The solutions offered seem straightforward enough - more jobs, good cops, and a generous dose of brotherly love. But the devil is in Mosul's wrenchingly complex catalog of woes:
A dozen Sunni insurgent groups alongside a spectrum of others. Hostility among the province's seven major groups and 26 tribes. Neglect, probably calculated, by the central government. Unemployment running more than 60 percent and electricity spluttering in for an average of four hours a day.
The city is al-Qaeda's last major urban stronghold in Iraq and a flashpoint along a dangerous Kurdish-Arab divide. Its local government is too paralyzed to kick-start the crucial economic engines.
"Mosul has been off the political map of Iraq," says Alexander Laskaris, a U.S. State Department official who heads the Provincial Reconstruction Team.
This, and more, five years after the U.S.-led invasion.
There is violence daily - from car bombs targeting police to masked gunmen slaying Christians - in this ancient, even graceful, city known as the "Pearl of the North." It is a place once famed for culture, learning and tolerance among ethnic and religious groups.
But more than 22,000 Iraqi and U.S. forces - "the Mosul surge" as troops call it - are blanketing the city of 1.8 million, and attacks are substantially down from several months ago.
U.S. commanders say the "security piece" is moving ahead, but the politics and economy of Mosul have failed to follow.
Much hope is pinned on elections expected by Jan. 31 for a provincial council, which is currently unrepresentative of the city and the surrounding Nineveh province and has failed to provide basic services.
With Sunni Arabs largely boycotting the January 2005 elections, 31 of 41 council seats were captured by the Kurds, who make up less than a third of the population, whereas the Sunnis account for some 60 percent.
This time around 517,000 registered to vote, one of the highest rates in the country, and there's no boycott in sight. But the outcome is unpredictable: Sunni political parties are splintering while the Kurds are putting forth a solid front.
Baghdad is doing its best to shape election results. Major army units in Mosul that were dominated by Kurdish soldiers and officers have been replaced by largely Sunni ones. U.S. commanders say some Sunni troops have been telling residents they had come to liberate their city from the Kurds.
"The city is like a game piece between the Kurds and the Iraqi government, and now it's a stalemate," says Maj. John Oliver, an operations officer in the Third Armored Cavalry Regiment from Fontana, Calif. "It's going to require a lot of reconciliation, and that's not happening yet."

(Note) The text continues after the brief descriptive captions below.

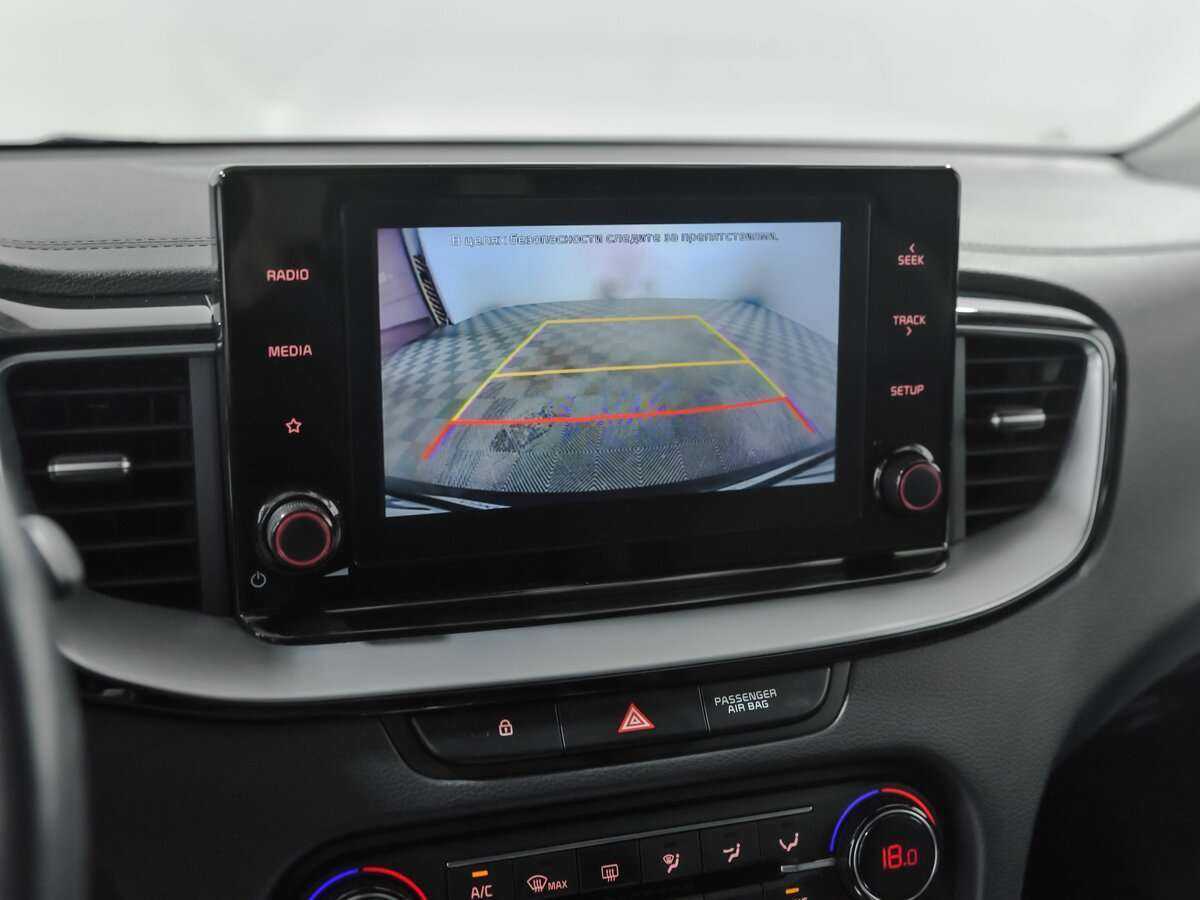 Купить Kia Ceed, 2020, 81 150 км, фото №12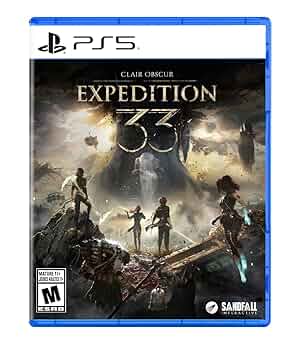 その他 Clair Obscur: Expedition 33 Amazon.co.jp: Clair Obscur: Expedition 33 (輸入版:北米
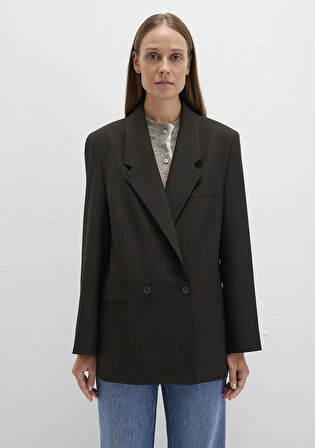 Kahverengi Blazer 1110772-85431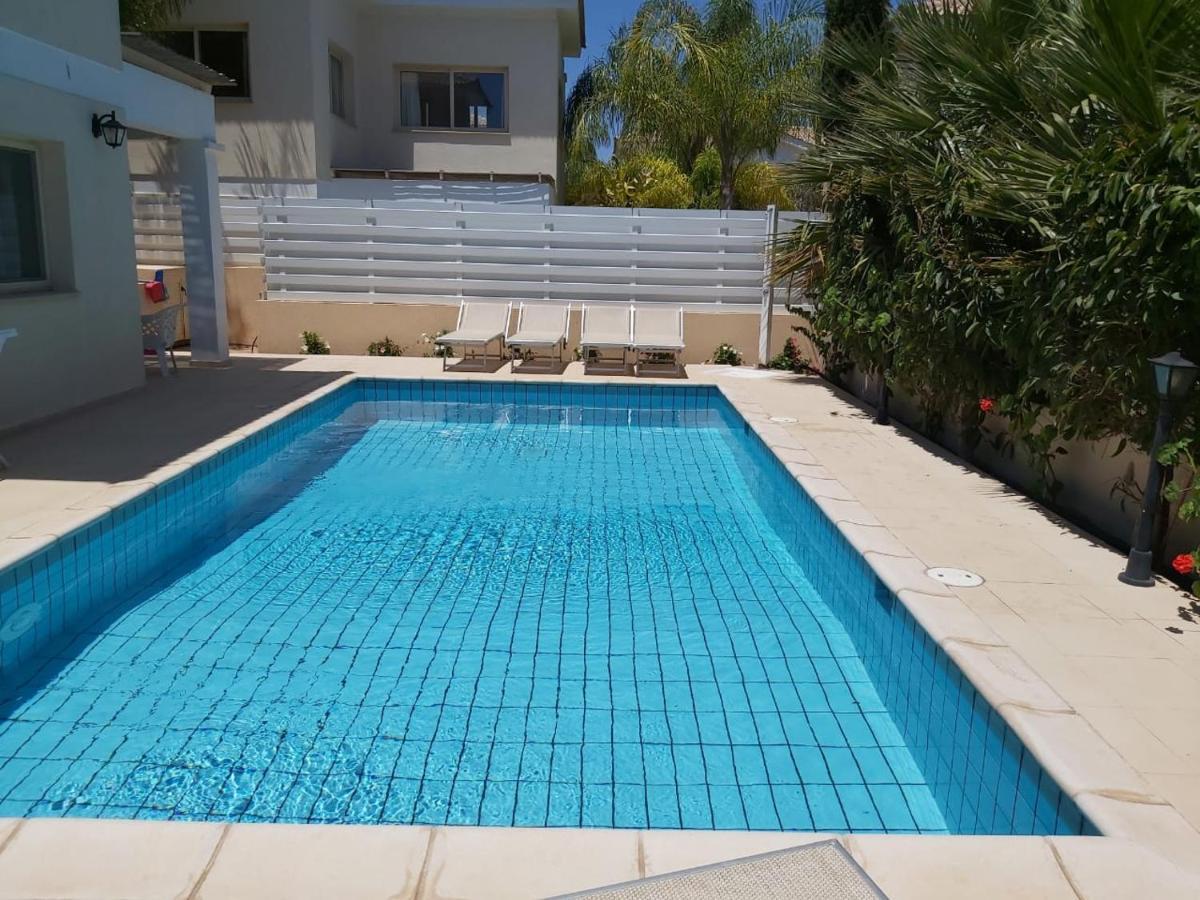 Anthorina Villa 18 Protaras Dış mekan fotoğraf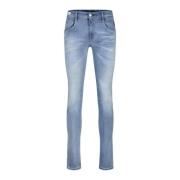 Hyperflex Slim-Fit 5-Lomme Jeans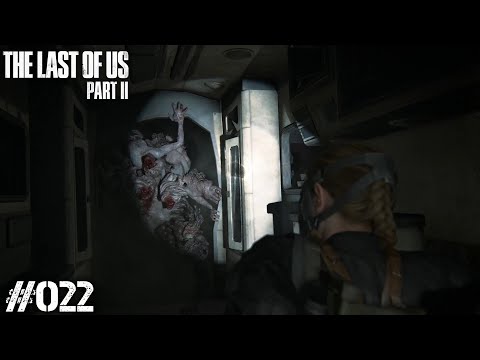 The Last of Us Part 2 #022 Ground Zero von Seattle und der Rattenkönig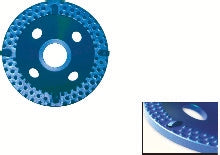 ACCESSOIRES POUR PONCEUSES - AT-DRS-STY-100-1 PLATEAU DIAMANTÉ PCD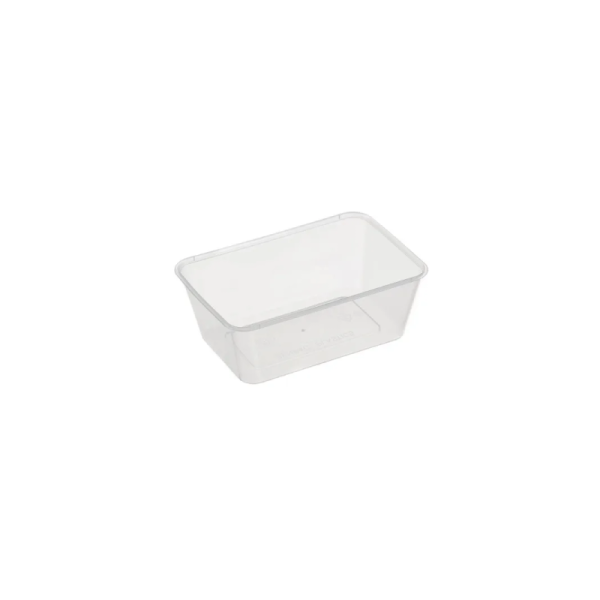 G1000ml Rectangular Container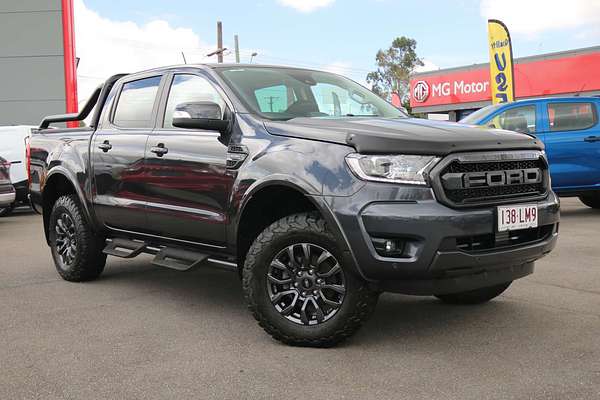 2021 Ford Ranger FX4 Max PX MkIII 4X4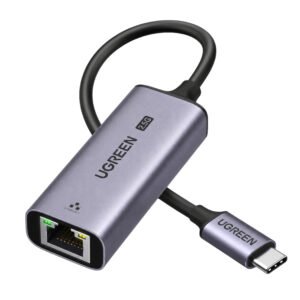 UGREEN USB3.0 C to 2.5Gbit Ethernet Adapter - TauTech South Africa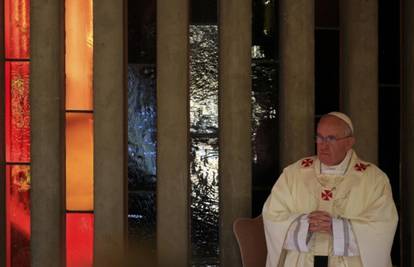 Za prestanak pobačaja: Papa za inicijativu '40 dana za život'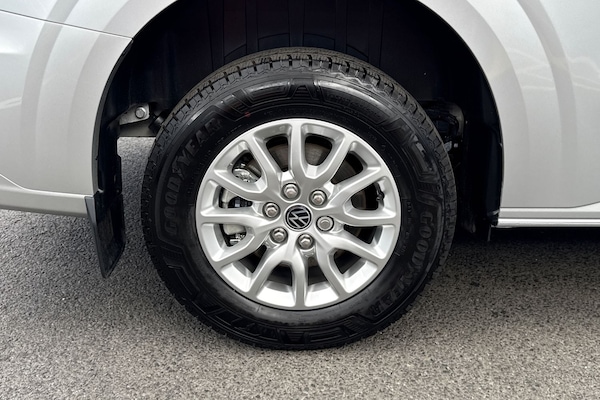 Used Volkswagen Transporter 2025 for sale - 76158327: Photo 12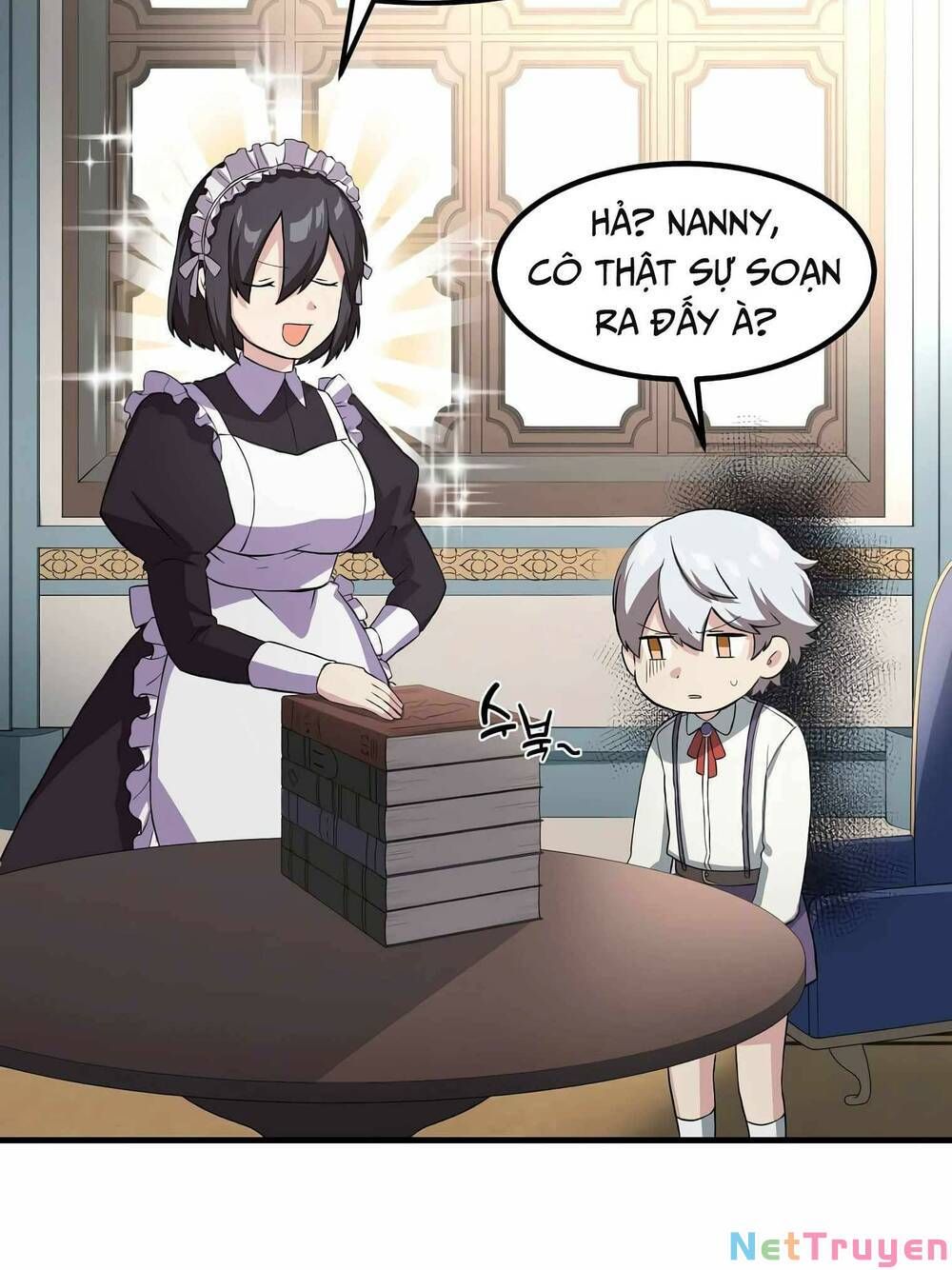 bách kiếp cường giả chapter 11 33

If election results please the central government, development funds it had earlier withheld for political reasons could flow.
But unpredictable is the Kurdish reaction at a time of conflict between Baghdad and the Kurdish regional government over Kirkuk and other disputed territories, including towns around Mosul. The Kurds have semiautonomous control over three northern Iraq provinces.
A recent report by the International Crisis Group, which monitors conflicts around the world, warned that the Arab-Kurdish schism, with Mosul as one of its epicenters, arguably could exceed the Sunni-Shiite divide that spawned the 2005-2007 sectarian war.